Monday, January 27, 2020

10 years from now.

There will come a day when I will look back fondly on waking sleeping children and forcing them to go to a place that they do not want to go.  I will miss these days of having two children in my nest to care for.

All I ever wanted to be was a mother.  There is a book in a box in my attic that says where do you see yourself in 10 years?  My entry?  Married with two children and a dog.  Nailed it!  The thing is I never thought about the "and then after that" part.

I will be not quite 50 when my youngest takes flight.  What then?  I have zero interest in going back to school.  I have zero interest in doing what I was doing before children, not to mention the fact that it is no longer done the way I did it so I am antiquated anyway.  I am sure from a resume standpoint I am not marketable but that is so very not true.  The experiences I have gained from managing a household for the past 20 years are invaluable.   I will say that I am confident that I have zero desire to do laundry, cook meals, or clean a house for a living.  Not my forte.
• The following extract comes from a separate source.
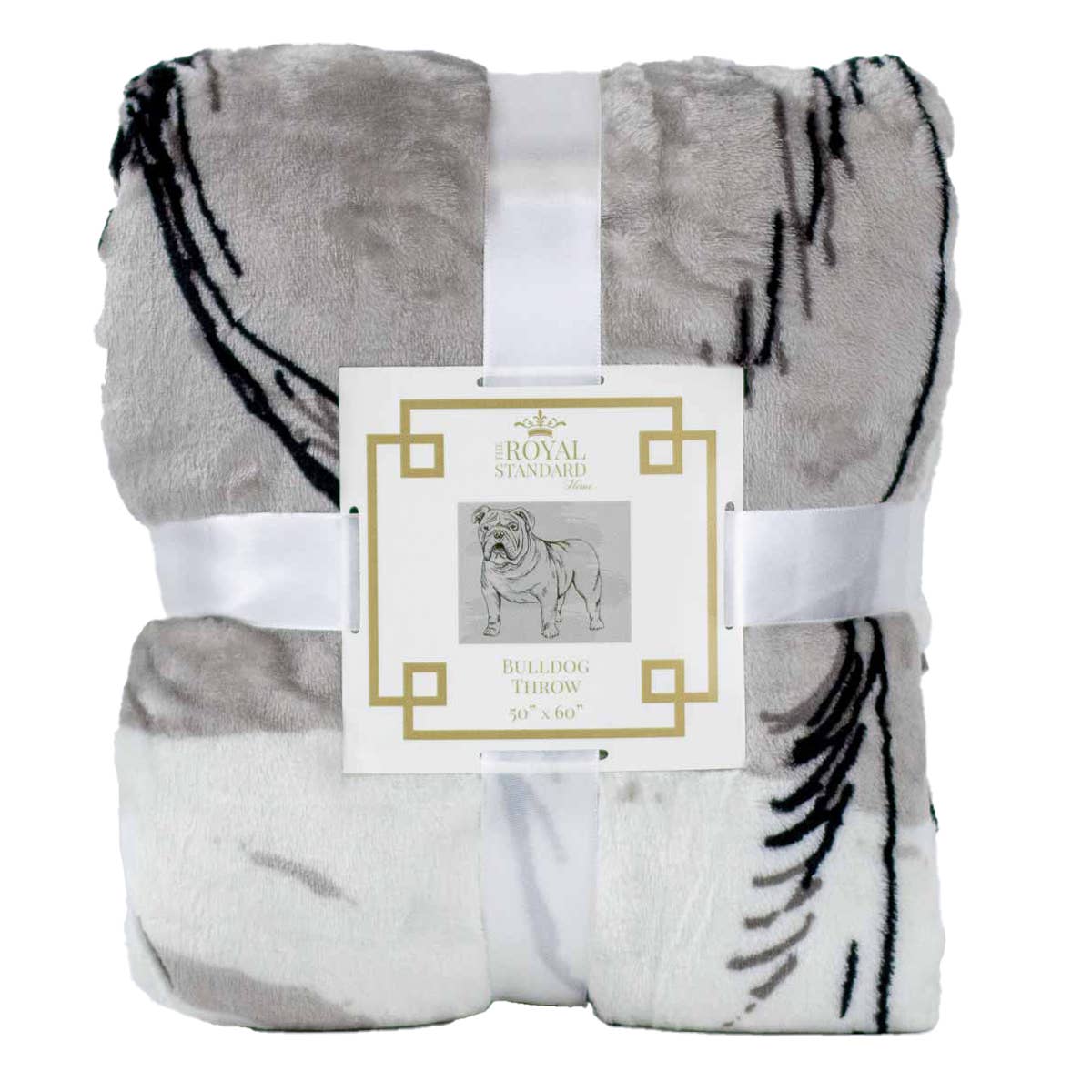 Bulldog Bliss Throw - BFF Here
I don't even know where to start to dream!  I love to write.  I love to make people laugh.  I dream of standing in large venues connecting with thousands of people but how do I get there from here?  I have no fear of speaking before large crowds, but I have no idea how to make my dream come true.

In my bible study we have been speaking of making sure we are in God's will and doing life in the order of which God desires.  Therefore, it is my firm belief that God knows my heart and wants what is best for me so I will keep on keeping on until I figure out his next path for me.  Meanwhile I will enjoy the fleeting moments of my full nest and enjoy that which I sometimes do not enjoy knowing fully that I will miss it when it is gone.  If my kids ever read this, you two are the joy of my life, even when you drive me crazy.  Thank you for fulfilling a dream of mine!

Now....Go out...Be kind!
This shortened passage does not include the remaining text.